Estas versiones no eran, como en otros casos históricos, productos espontáneos de la imaginación popular. Al contrario: era el rumor utilizado como un medio de comunicación social por tenebrosos especialistas de la psicología de masas. Y con un fin específico: desordenar a la nación para propiciar un golpe de Estado. Así ocurrió en Chile bajo el Gobierno de Salvador Allende. Pero tal vez el antecedente más siniestro ocurrió en Cuba, en 1960, cuando los enemigos de la revolución falsificaron y divulgaron un supuesto proyecto de ley por el cual los niños menores serían arrebatados a sus padres y enviados a la Unión Soviética. Nunca se supo cuántas familias huyeron a Estados Unidos, ni cuántos niños fueron enviados solos, a la buena de Dios, sólo por protegerlos de un peligro irreal.

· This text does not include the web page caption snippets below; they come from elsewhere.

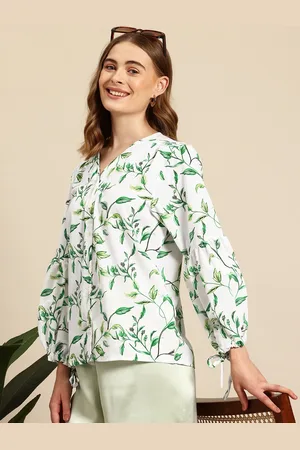 Mast & Harbour Floral Print Puff Sleeve with Tie-Up Detail Shirt Style Top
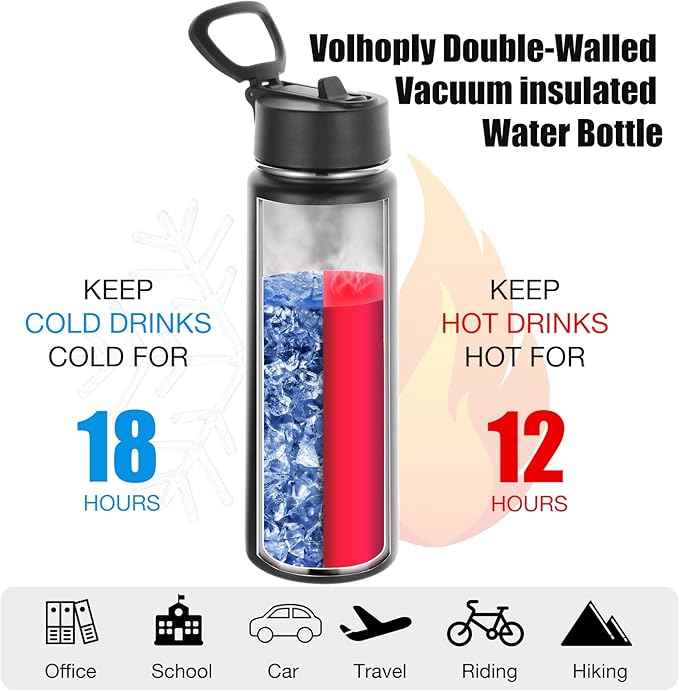 Volhoply 24 Ounce Insulated Water Bottle With Straw Lid,Stainless Steel Wide Mouth Sport Bottles With Handle,Double Wall Vacuum Cups Keep Cold,Reusable Travel Thermal Cups For Holder,Gym(Black,1)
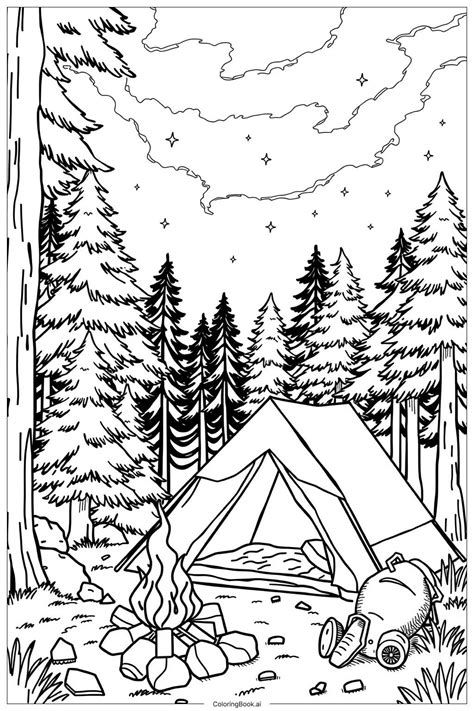Camping Tent Coloring Pages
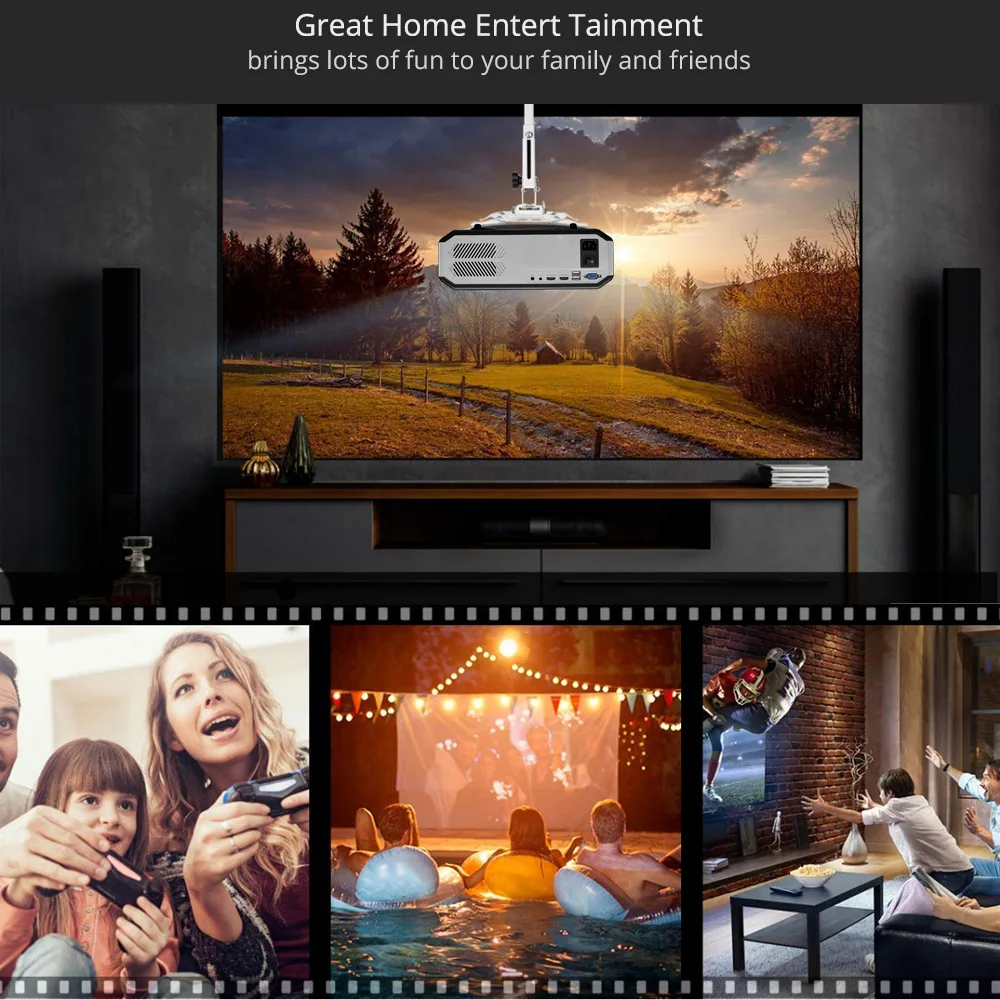 Акция на Украину RD817 светодиодный Android проектор умный wifi видео HDMI USB Full HD 1080P ТВ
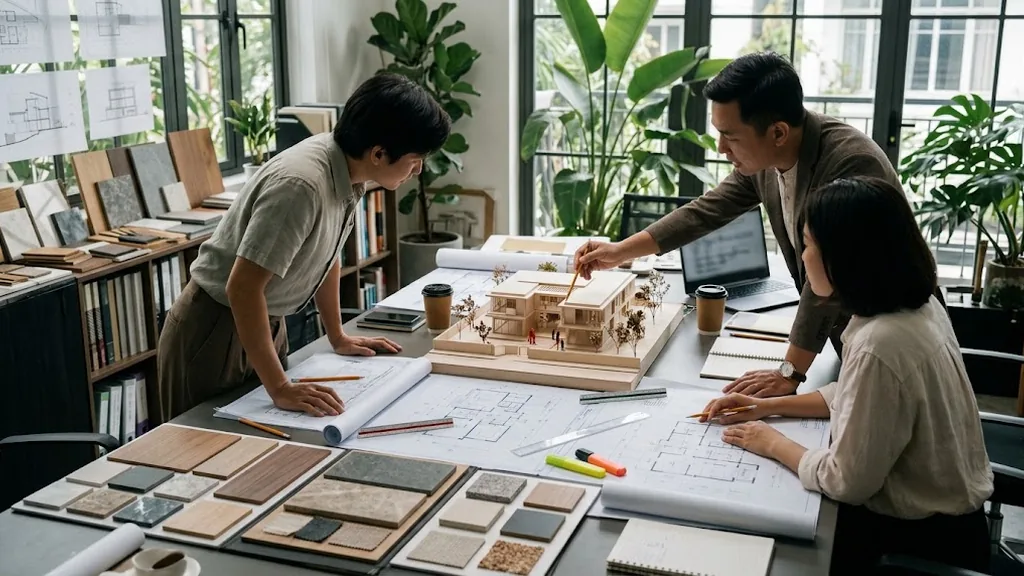 Minh họa buổi trao đổi phương án biệt thự với mô hình và mẫu vật liệu
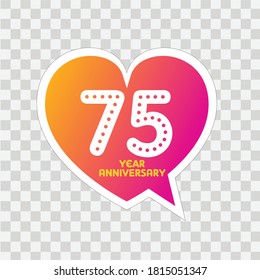 75 Years Anniversary Celebration Vector Template Design Illustration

La investidura presidencial tiene en México una majestad que no se parece a la de ninguna otra república de mundo. Hay todavía algo en el subconsciente colectivo que tiende a identificar al presidente con los monarcas sagrados de la antigua prehispánica. No obstante, ninguno de ellos ha estado a salvo de los chistes callejeros en sus momentos malos. El presidente, José López Portillo, había sido una excepción durante los primeros cinco años largos de su mandato. De pronto, al mismo tiempo que florecieron los rumores, se le hizo sujeto de los chistes más inclementes. Los monarcas europeos tenían bufones que les contaban las burlas que se hacían contra ellos, y hacían bien en conocerlas, porque esas ocurrencias corrosivas suelen ser un buen índice de las veleidades de su popularidad. Julio César velaba largas horas en sus noches de campaña, escuchando las canciones que sus soldados componían contra él. Algunas eran terribles, pero él las soportaba con su buen hígado de tirano absoluto, porque sabía que era apenas uno de los tantos y amargos tributos de la soledad del poder. No sé si el presidente López Portillo habrá tenido esa saludable costumbre. Pero el 1 de septiembre, cuando subió a la tribuna para leer el último informe anual de su Gobierno, era sin duda consciente de que los empresarios de los rumores callejeros tenían razones de sobra para pensar que ya le habían ganado la partida. Tres horas y 46 minutos después, cuando el presidente terminó de leer su informe, todas las cartas se habían tornado a su favor. Fue un discurso magistral, estructurado con una lógica implacable, y dicho con una emoción que no sólo cerró un nudo en su propia garganta, sino en la de muchos de sus auditores. Para mí -que lo escuché sin perder una palabra, escondido entre cincuenta millones de mexicanos- aquella fue una experiencia humana y política que no podré olvidar en mi vida.